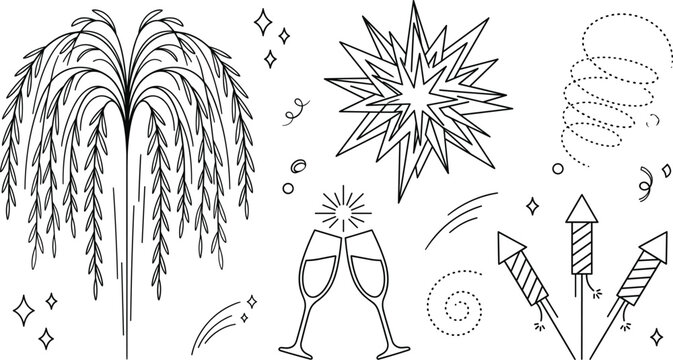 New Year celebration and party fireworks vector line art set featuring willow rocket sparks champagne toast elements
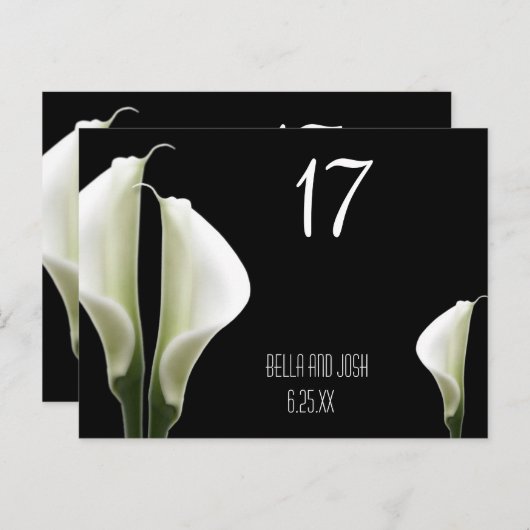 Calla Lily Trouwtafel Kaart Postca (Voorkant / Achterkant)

====

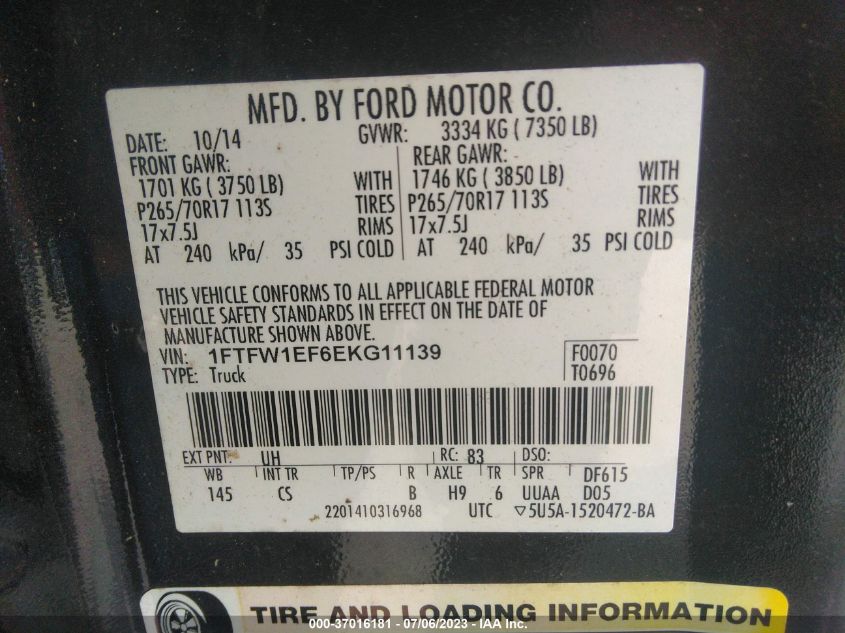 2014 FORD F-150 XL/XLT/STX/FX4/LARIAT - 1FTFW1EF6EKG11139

====

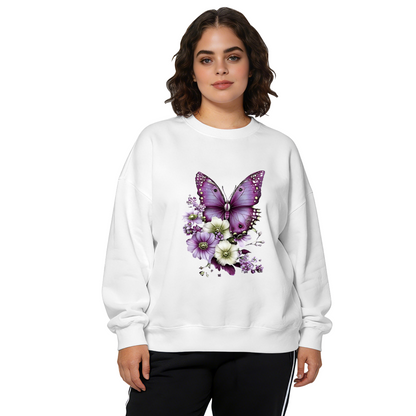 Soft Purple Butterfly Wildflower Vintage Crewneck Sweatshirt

====

With the pictures omitted, restate word for word the lines above from the line that has "New Year celebration" up to and including the line that has "Calla Lily Trouwtafel", and no other lines.

 New Year celebration and party fireworks vector line art set featuring willow rocket sparks champagne toast elements
 Calla Lily Trouwtafel Kaart Postca (Voorkant / Achterkant)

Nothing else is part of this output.